Alexis de Tocqueville par Théodore Chassériau, 1850 (Wikimedia Commons)Les Américains sont, depuis des siècles, obsédés par la définition de leur nation et de son caractère unique. En effet, les étagères regorgent encore de nouveaux livres sur la nature de l’Amérique. Il est donc d’autant plus surprenant que l’interprète le plus influent et le plus autorisé de la promesse américaine ait été un aristocrate français nommé Alexis de Tocqueville. Ses théories et son image sont omniprésentes dans la vie publique américaine – il est constamment cité par les politiciens et les journalistes, de gauche comme de droite, tandis que les politologues, les sociologues et les historiens débattent sans fin de ses mérites et de sa contribution. Ici à New York, même les restaurants et les fonds spéculatifs ont pris l’auguste nom de Tocqueville.
Tocqueville lui-même aurait probablement été choqué par cette évolution, car il était vraiment français et, pour tous ses écrits sur l’Amérique, préoccupé avant tout par les problèmes français. Il est né en 1805 dans une famille de la petite noblesse, qui avait soutenu Louis XVI pendant la Révolution française et avait été emprisonnée pendant la Terreur (son arrière-grand-père, en fait, avait été guillotiné). Jeune homme, Tocqueville lit les théoriciens des Lumières. Les idées de Hume, Kant et d’autres ont conduit Tocqueville à abandonner sa foi et à chercher des explications laïques et rationnelles pour la politique et la moralité. Comme de nombreux jeunes hommes talentueux de l’époque, Tocqueville étudie le droit et devient juge en 1827. Mais pour Tocqueville, ce n’était pas suffisant : il voulait entrer dans le monde de la politique, et il voulait comprendre comment fonctionnait ce nouveau monde de la politique. La démocratie politique est encore quelque chose de nouveau, mais Tocqueville voit qu’elle est la vague de l’avenir. Avec son ami Beaumont, il décide de visiter l’Amérique et d’étudier de près la plus moderne des démocraties.
En théorie, Tocqueville était censé étudier le système pénitentiaire américain, et il a effectivement produit un rapport sur ce thème. Mais il avait des préoccupations plus pressantes.
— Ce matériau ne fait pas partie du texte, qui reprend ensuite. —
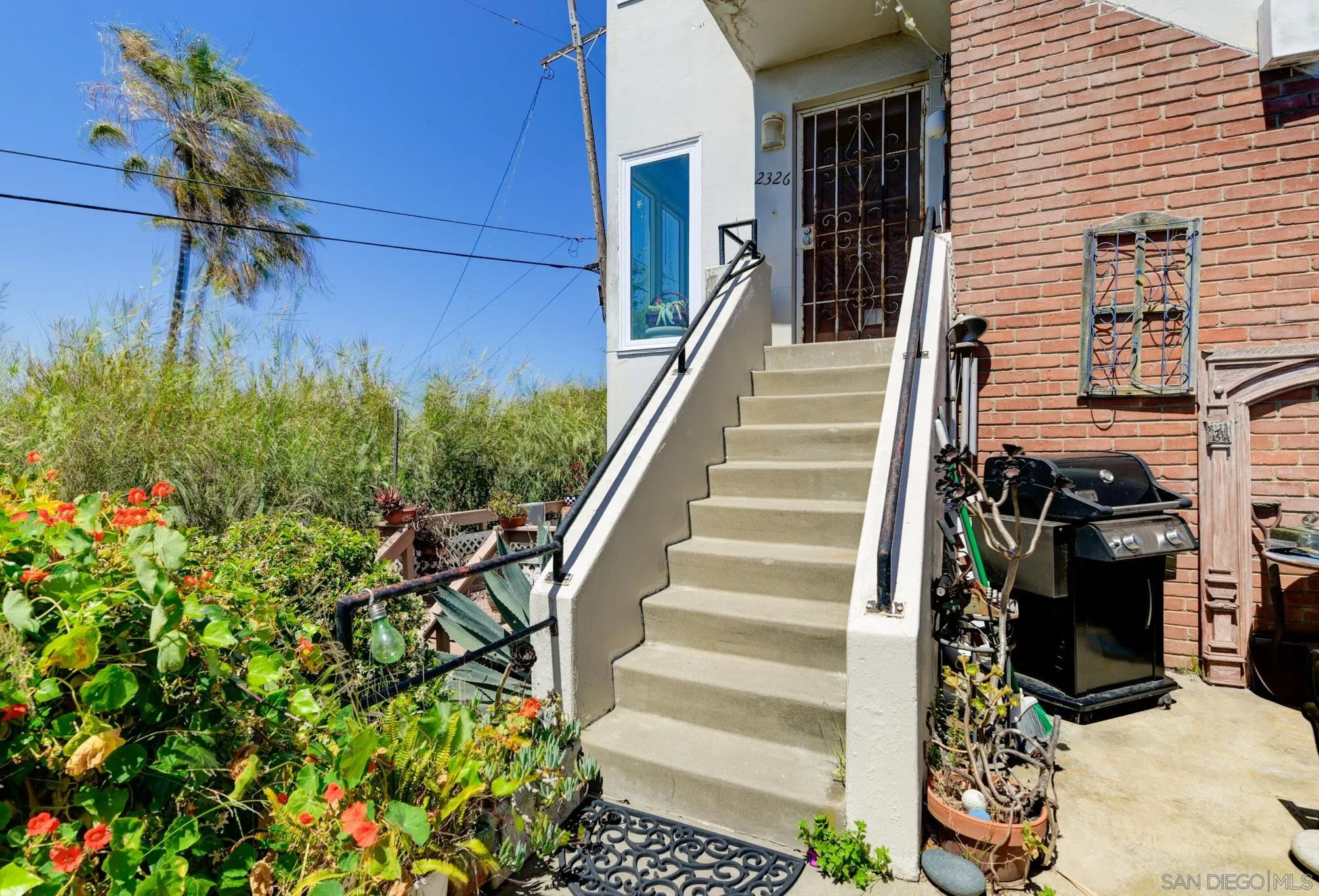 2322-28 Chatsworth Blvd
Comment, voulait-il savoir, « le peuple » peut-il détenir le pouvoir souverain ? Qu’est-ce que cela signifie, et comment le peuple peut-il éviter de devenir tyrannique ? Pour répondre à ces questions, Tocqueville et Beaumont parcourent l’Amérique pendant dix mois en 1831. Ils ont parcouru plus de sept mille kilomètres et ont été reçus comme des célébrités. Ils ont parlé à tous ceux qu’ils ont pu rencontrer, ils ont lu les journaux et la théorie politique américaine, en particulier les Fédéralistes. Bien qu’ils aient rendu visite à des Américains de tous bords, ils se sont concentrés sur Boston, Philadelphie et New York – leur premier arrêt fut une pension de famille sur Broadway, près de Wall Street. Comme d’autres Européens contemporains en tournée en Amérique, Tocqueville a été stupéfait par ce qu’il a trouvé. Il mit huit ans à coucher sur le papier toutes ses pensées ; ce faisant, il créa l’un des classiques de la pensée politique et sociale moderne.
Démocratie en Amérique parut en deux parties : la première en 1835 et la seconde en 1840. Les deux volumes ont rendu Tocqueville célèbre, et il est devenu un intellectuel et un homme politique renommé. Il est élu à la Chambre des députés française et s’intéresse particulièrement aux questions impériales. Bien qu’étant un important militant antiesclavagiste, il défendit le droit de la France à coloniser l’Algérie. La période faste et heureuse de Tocqueville ne durera pas longtemps : en 1852, Napoléon III arrive au pouvoir en France et instaure une dictature moderne. Tocqueville réagit en se retirant de la vie publique et en écrivant un autre ouvrage remarquable et célèbre, cette fois sur la Révolution française. Il meurt quelques années plus tard.